Probably not something that I would buy anyway , I was just curious as I have never seen it advertised in that quantity before. It is really hard to get lumber to dry below 12% in VT by air drying alone. I usually wait for winter when the air in the house is bone dry and bring it in to finish. Sometimes if I'm in a hurry or have more than my wife will allow in the house I take it to the kiln.

Reactions: Like 1


----------



## Mike1950 (Oct 12, 2018)

I have seen a pile of PH, 4/4- 8/4 and booked slabs, probaly 80K bd ft
Worked on a house that owner(he is a story in itself) decided he would order doors, floors, trim, 8"crown, cabinets himself from Brazil. He got one helluva deal. 2 yrs later in semi arid climate , you good have shoved a pencil through cracks in doors. None of it was dry when they fabricated in Brazil.
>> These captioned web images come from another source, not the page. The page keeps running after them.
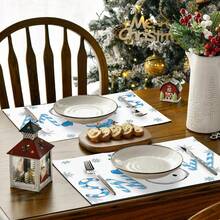 1/4/6 pièces Dessous de plat décoratifs avec bonhomme de neige portant un chapeau Top de forme bleu, décoré de feuilles de houx et de baies rouges, enveloppé dans une écharpe rayée bleu et blanc, avec des gants bleus imprimés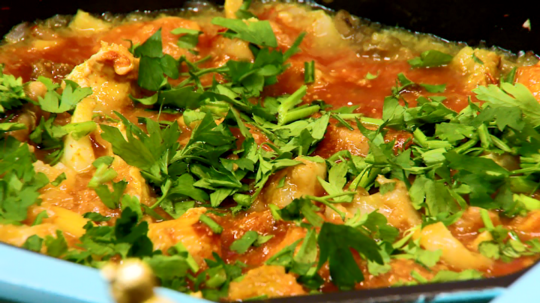 طبق الأرز بالدجاج وفواكه البحر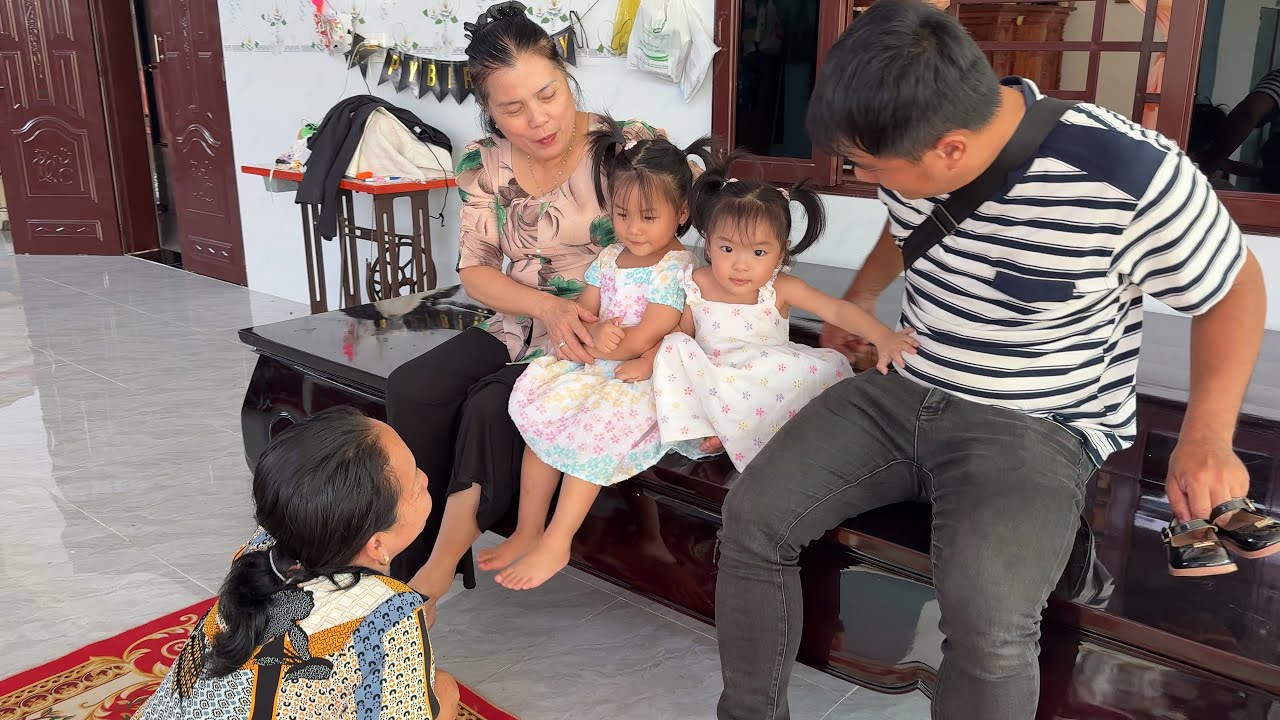 MÙNG 3 Tết cả gia đình về quê ngoại chúc TẾT  | TNCM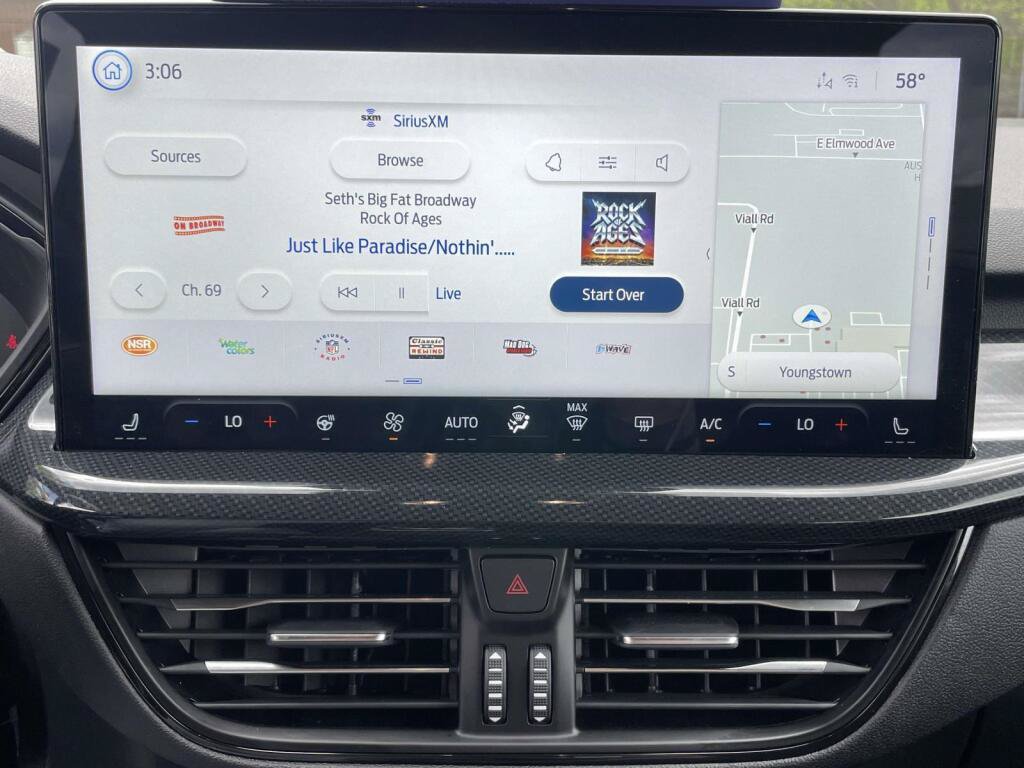 Certified 2023 Ford Escape ST-Line w/ Tech Pack #1 AWD/4WD image 25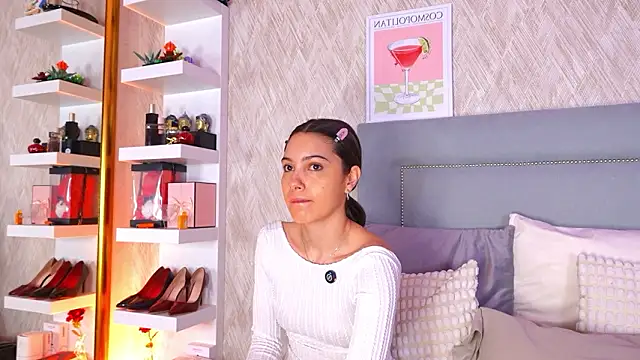 Sofy Bradd online show from 03-01-26, 07:54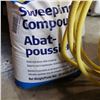 Image 2 : 50LB OF ZEP COMMERICIAL SWEEPING COMPOUND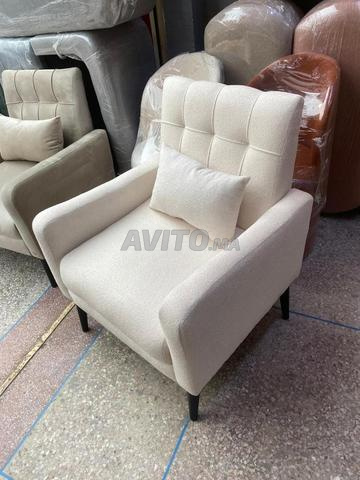 Chaise royale et pouf - 2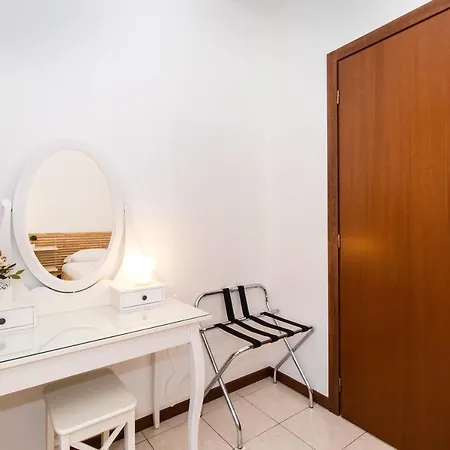 Guesthost - Casa Like With Parking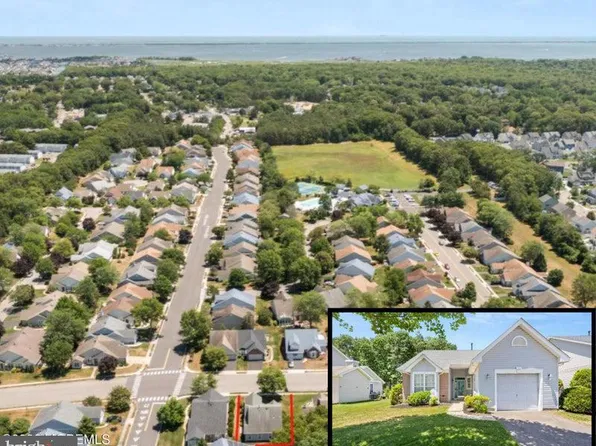 84 Chain Blvd, Bayville, NJ 08721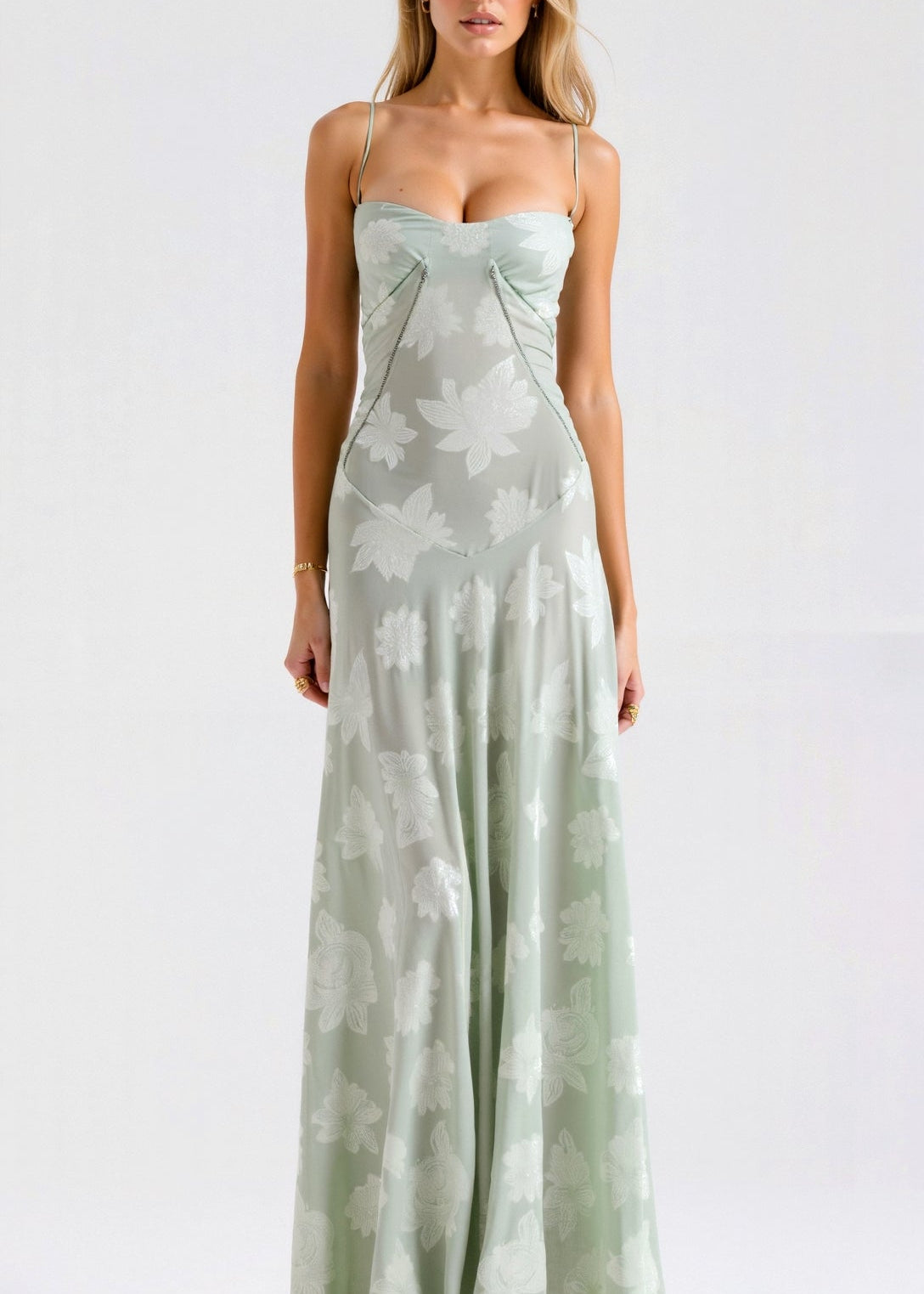 Alma | Maxi dress with lace-up back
Besides being absolutely horrible with all that purple, cabinets were falling apart. 
I would have to cut a board before i bought, my guess is not close to dry.


----------



## Lou Currier (Oct 12, 2018)

That is right down the street from where my daughter works.


----------



## Tony (Oct 12, 2018)

I wish I could get Purpleheart for $5/bf.

Reactions: Like 1


----------



## Mike1950 (Oct 12, 2018)

Tony said:


> I wish I could get Purpleheart for $5/bf.
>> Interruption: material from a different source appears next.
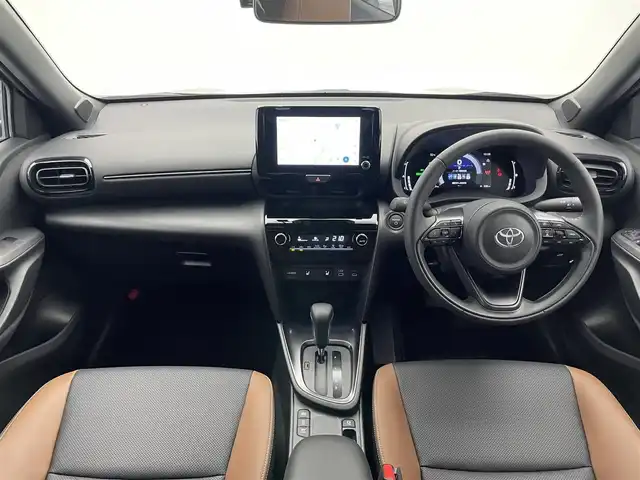 トヨタ ヤリスクロス ハイブリッド Z アドベンチャー 愛知県 2025(令7)年 0.2万km ブラックマイカ/ベージュ 2トーン 純正８型ＤＡナビ　全方位カメラ　禁煙車　フルセグＴＶ　電動リヤゲート　ステアリングヒーター　セーフティセンス　衝突軽減　追従クルコン　オートハイビーム　ＬＥＤライト　ＥＴＣ　純正ドラレコ　シートヒータ/ワンオーナー/純正メーカーナビ（TV/BT/AM/FM)/レーダークルーズコントロール/コーナーセンサー/パワーバックドア/パノラミックビューモニター/バックカメラ/フロントカメラ/サイドカメラ/パワーシート/シートヒーター/ステアリングヒーター/ルーフレール/ビルトインETC/ブレーキホールド/ドライブモード（ECO・ノーマル・Power）/LEDヘッドライト/オートハイビーム/オートライト/ウインカーミラー/純正アルミホイール/オートエアコン/プッシュスタートボタン/ドアバイザー/スマートキー/横滑り防止装置/盗難防止装置/衝突被害軽減システム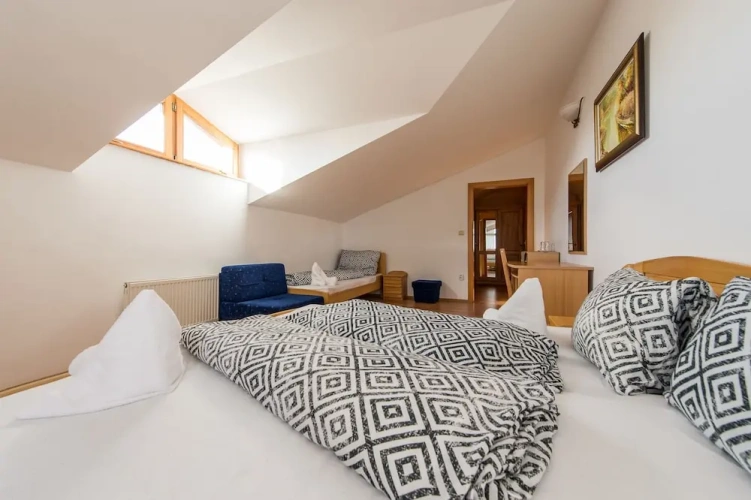 Standard Triple room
If you bought a skid, you could get it for close to that.

Reactions: Like 1


----------



## sprucegum (Oct 13, 2018)

Lou Currier said:


> That is right down the street from where my daughter works.


----------



## sprucegum (Oct 13, 2018)

Lou Currier said:


> That is right down the street from where my daughter works.
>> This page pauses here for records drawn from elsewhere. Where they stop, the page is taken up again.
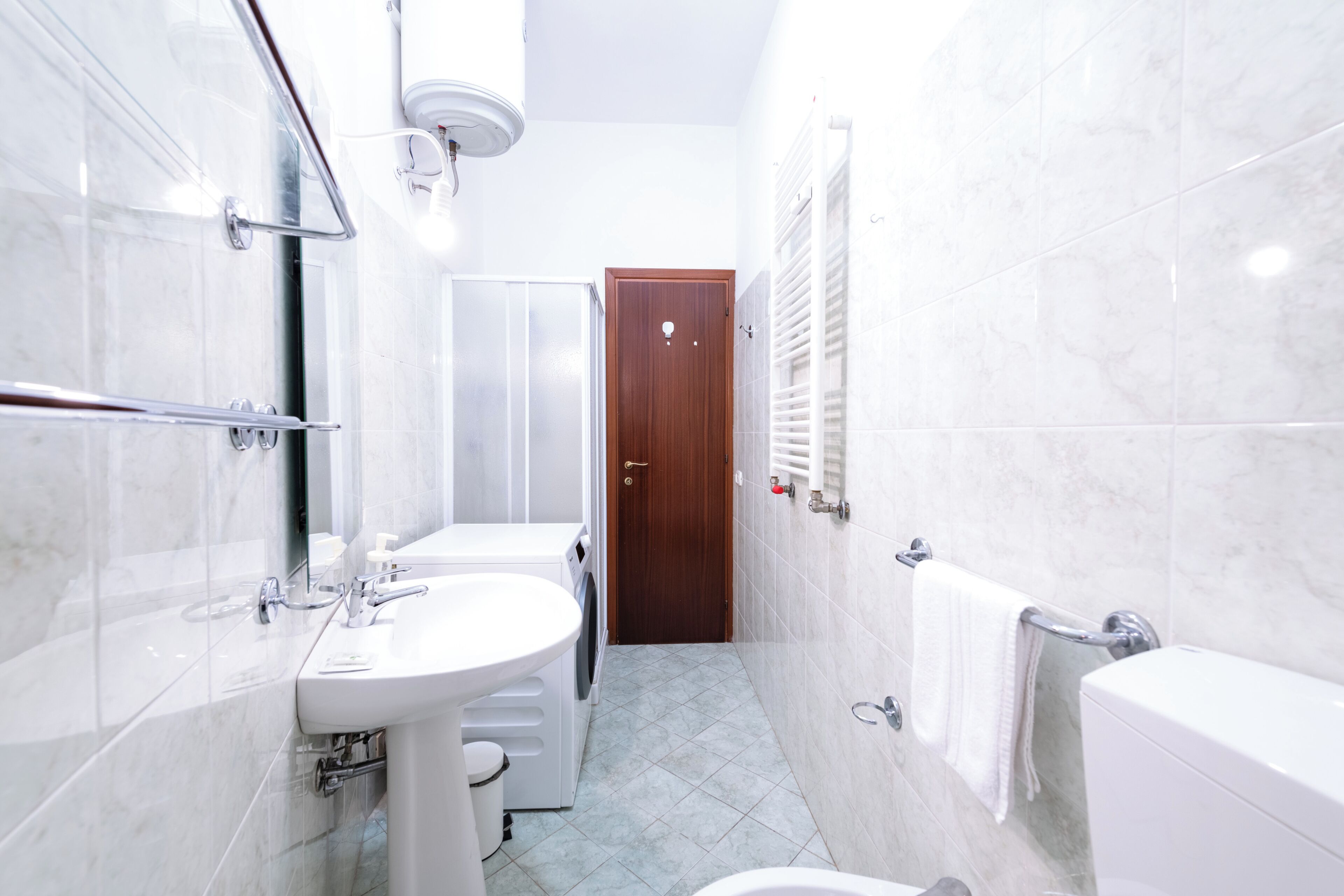 Apartment (1 Bedroom) | Bathroom | Shower, bidet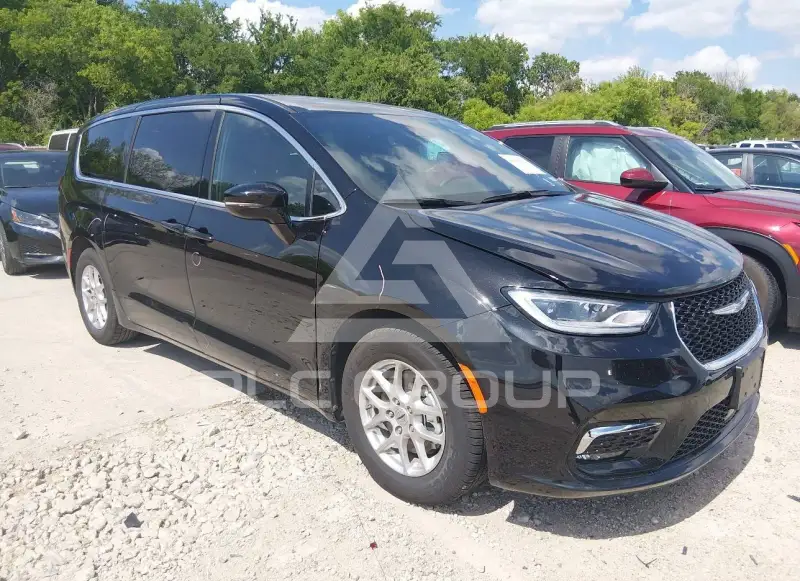 2025 Chrysler PACIFICA photo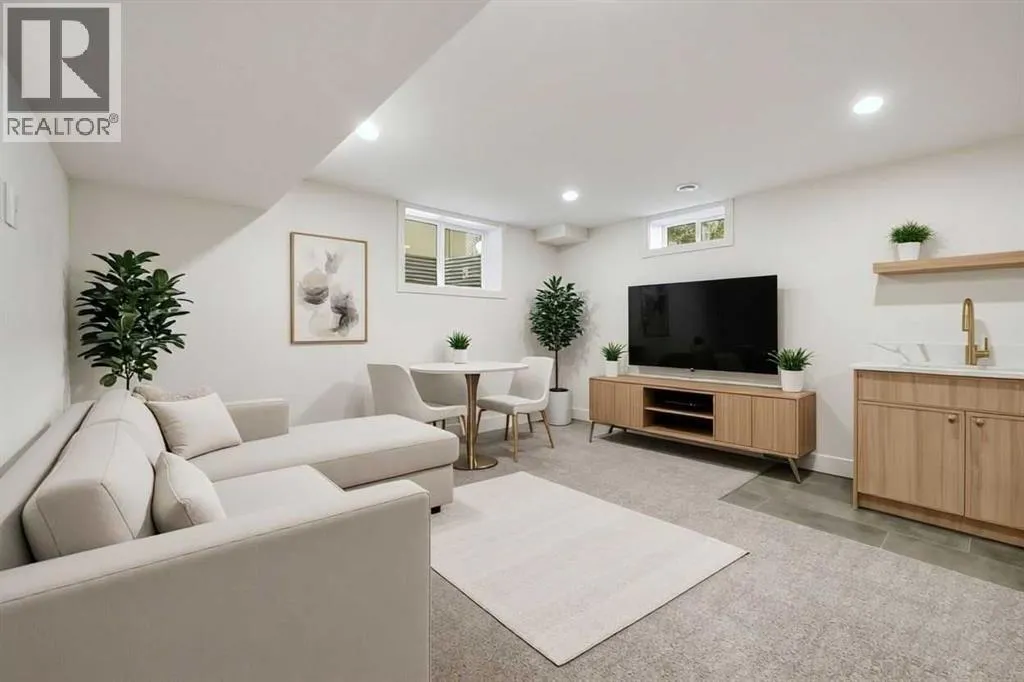 1016 Mapleglade Drive SE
I have seen ads from the same seller for several years but this is the first time I have noticed anything but local wood that I assume they mill onsite. Williston is a 2 hour drive for me but I may have a look if i'm heading that way for something else.


----------



## Lou Currier (Oct 13, 2018)

It looks like he is into buying pre-cut lumber at rock bottom wholesale and then resells @ top retail.


----------



## Rich P. (Oct 13, 2018)

It is about 2.5 hours from my house, I visited that place a few years back when I was on my to Burlington. They sell mostly decking material. They have a several different species of wood both domestic and exotic but all processed for decking. That is the cheapest price I have seen on Purpleheart. A local place near me gets $14 for 4/4.

RichP.


----------



## sprucegum (Oct 13, 2018)

Lou Currier said:


> buying pre-cut lumber at rock bottom wholesale and then resells @ top retail.




Ah capitalism at work.

Reactions: Like 1


----------